**What you should do:**
What you return must be the exact lines of the material below, from the first through the one that has "1020mm 5mm Stone", with no pictures and, please, nothing else.
::::
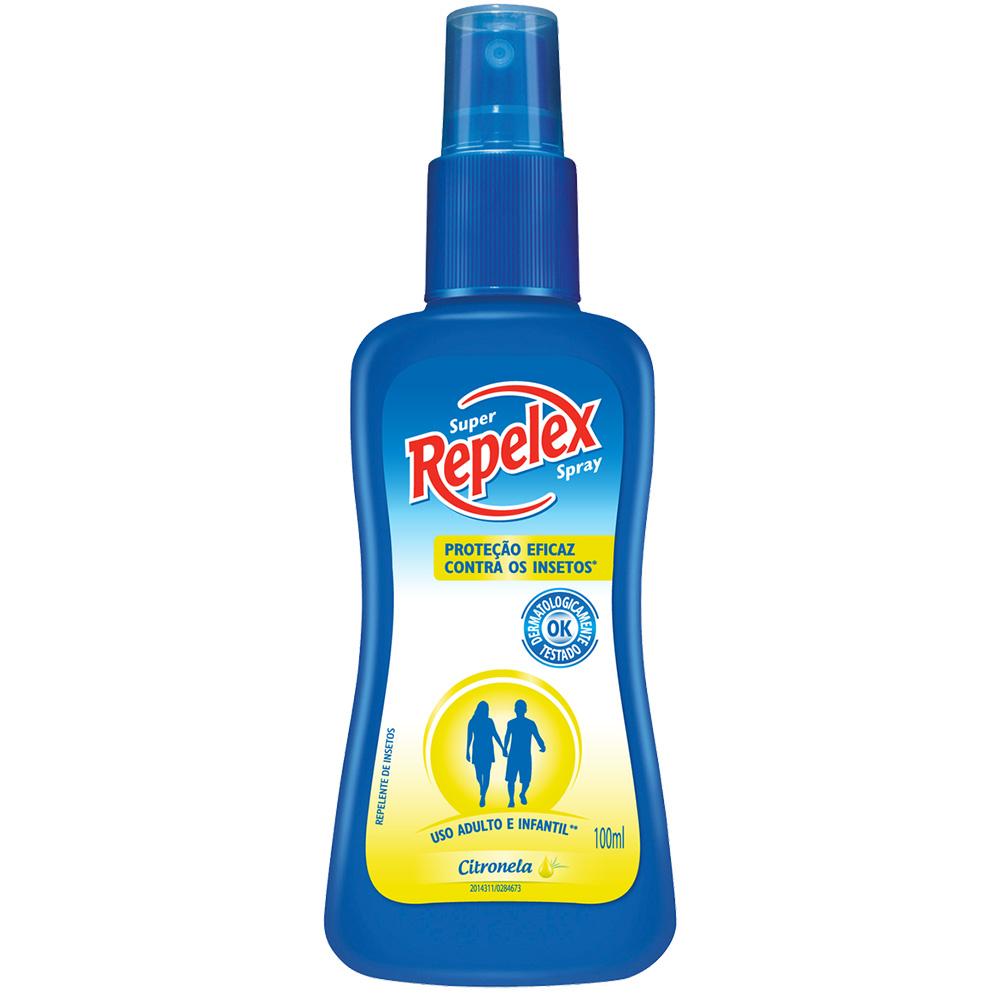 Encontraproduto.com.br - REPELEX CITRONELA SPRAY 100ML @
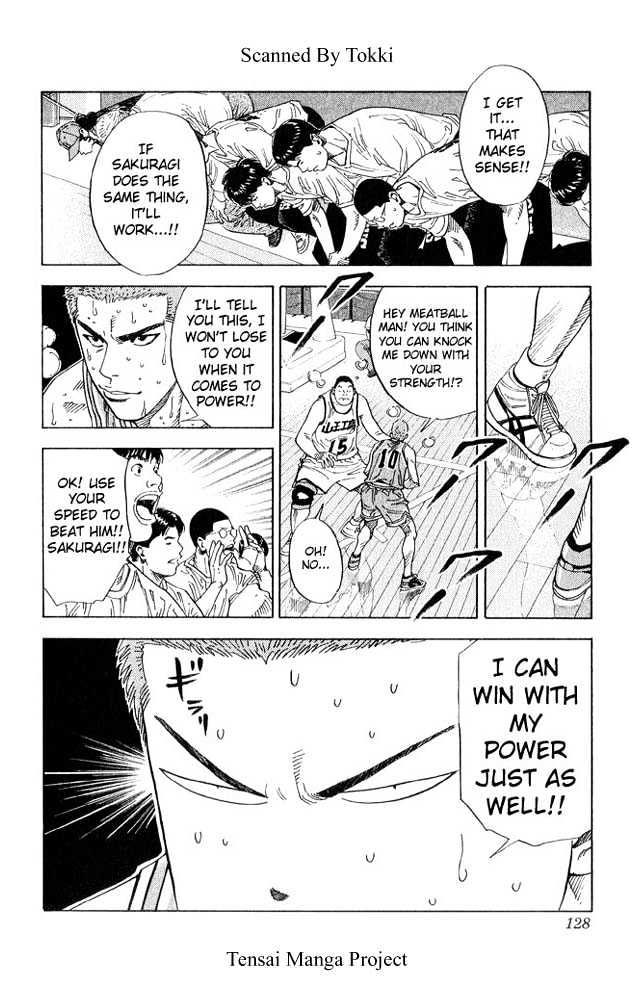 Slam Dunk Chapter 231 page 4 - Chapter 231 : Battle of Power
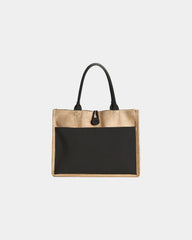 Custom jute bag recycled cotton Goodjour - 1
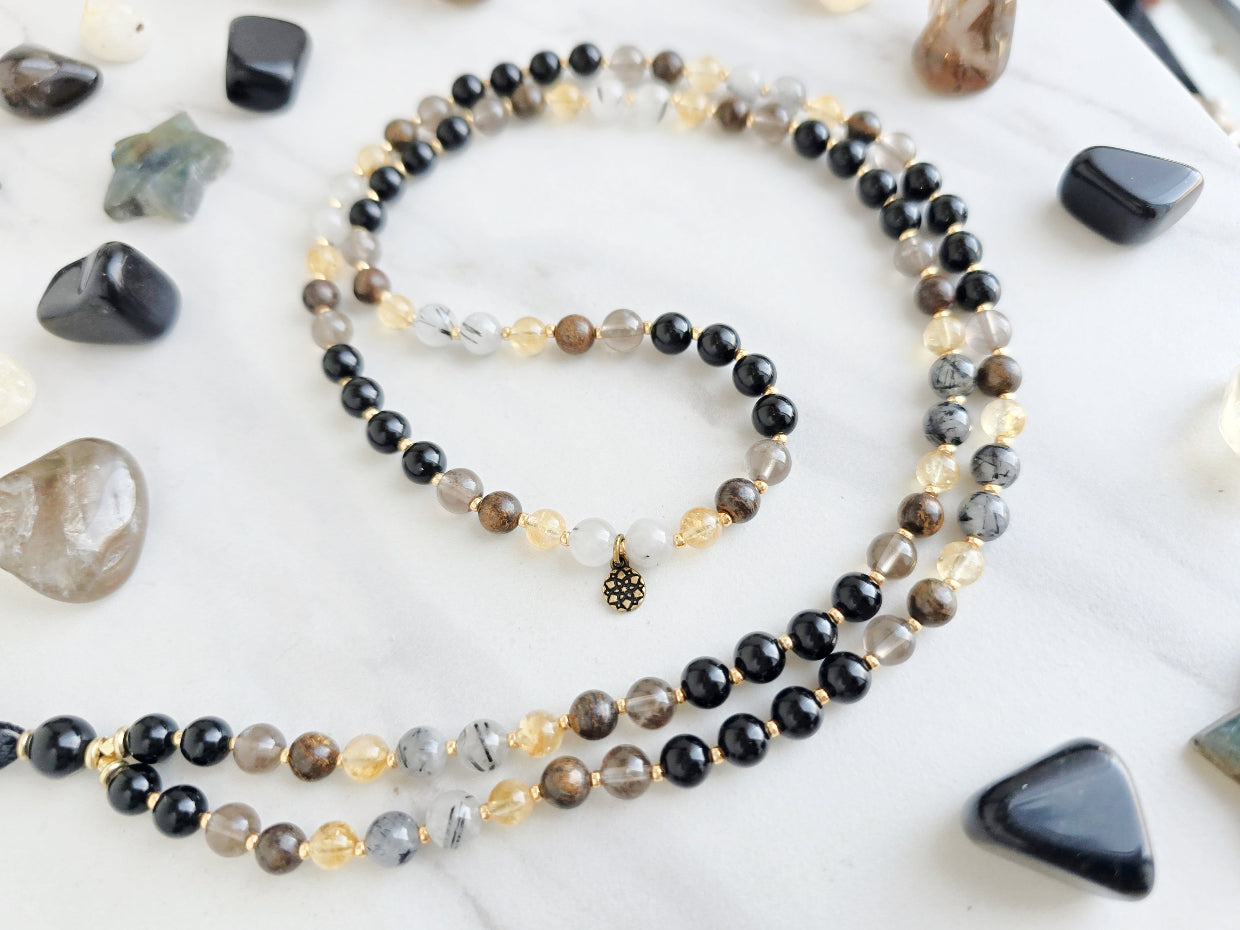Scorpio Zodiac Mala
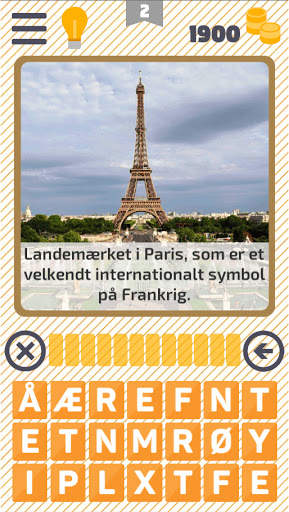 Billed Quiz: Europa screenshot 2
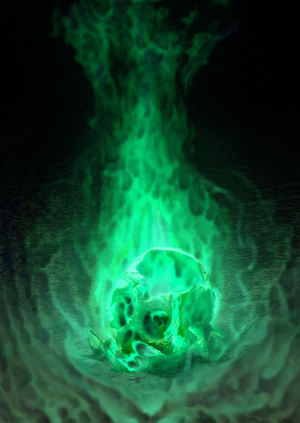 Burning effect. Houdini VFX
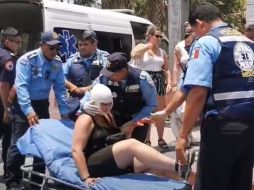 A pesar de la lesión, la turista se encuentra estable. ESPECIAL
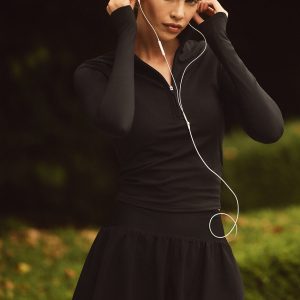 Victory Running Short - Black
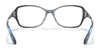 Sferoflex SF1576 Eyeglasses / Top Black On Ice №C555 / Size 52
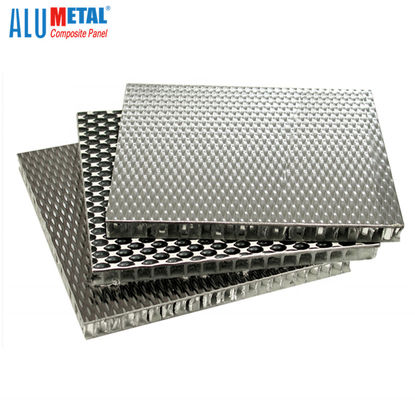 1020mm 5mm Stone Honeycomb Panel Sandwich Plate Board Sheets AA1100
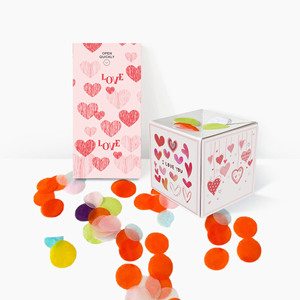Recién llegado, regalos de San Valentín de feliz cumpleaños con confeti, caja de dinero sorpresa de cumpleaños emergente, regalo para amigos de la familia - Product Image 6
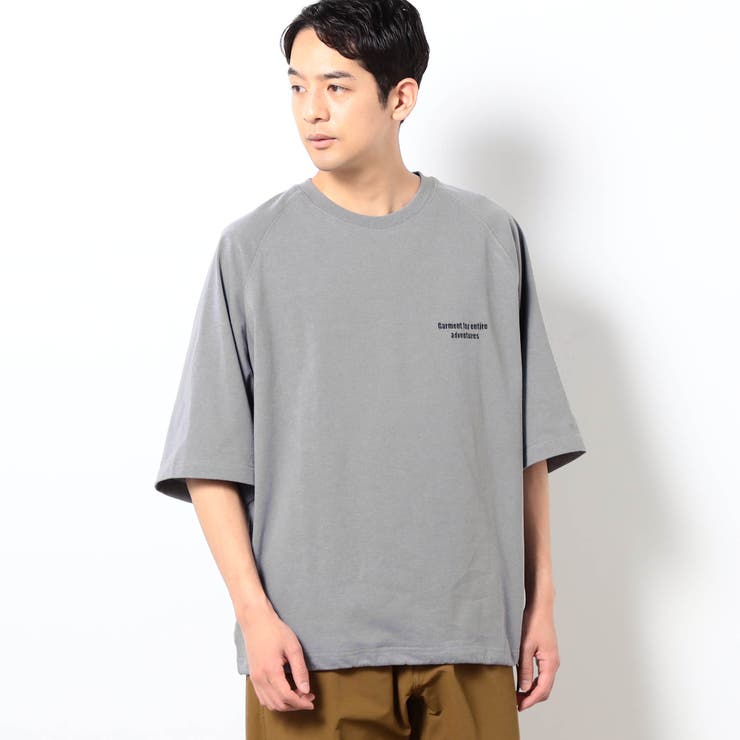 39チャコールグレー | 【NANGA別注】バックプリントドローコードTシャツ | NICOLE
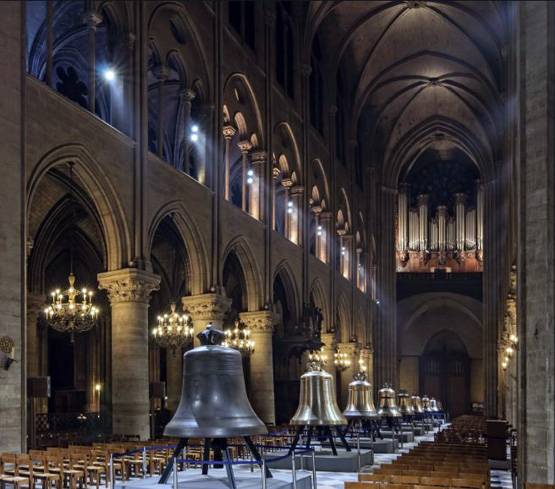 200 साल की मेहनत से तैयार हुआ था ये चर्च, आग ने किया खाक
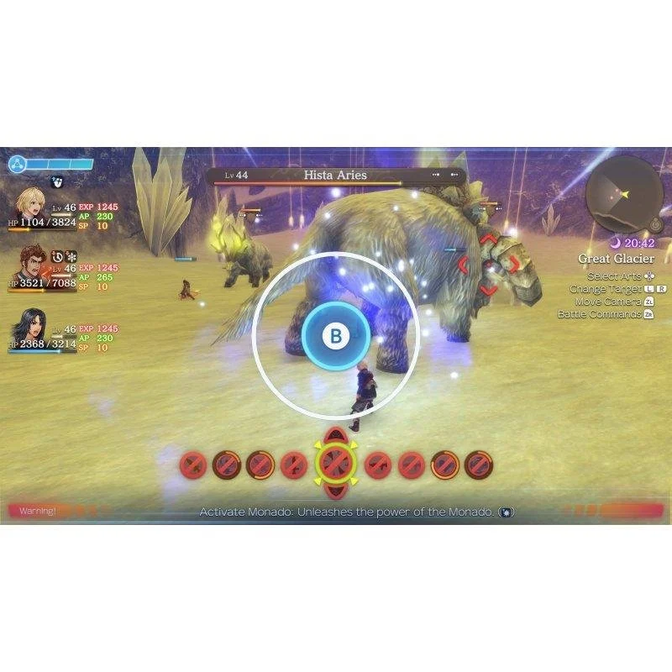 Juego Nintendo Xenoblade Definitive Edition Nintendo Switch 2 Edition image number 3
::::
**Solution:**
 Encontraproduto.com.br - REPELEX CITRONELA SPRAY 100ML @
 Slam Dunk Chapter 231 page 4 - Chapter 231 : Battle of Power
 Custom jute bag recycled cotton Goodjour - 1
Scorpio Zodiac Mala
 Billed Quiz: Europa screenshot 2
 Burning effect. Houdini VFX
 A pesar de la lesión, la turista se encuentra estable. ESPECIAL
 Victory Running Short - Black
 Sferoflex SF1576 Eyeglasses / Top Black On Ice №C555 / Size 52
 1020mm 5mm Stone Honeycomb Panel Sandwich Plate Board Sheets AA1100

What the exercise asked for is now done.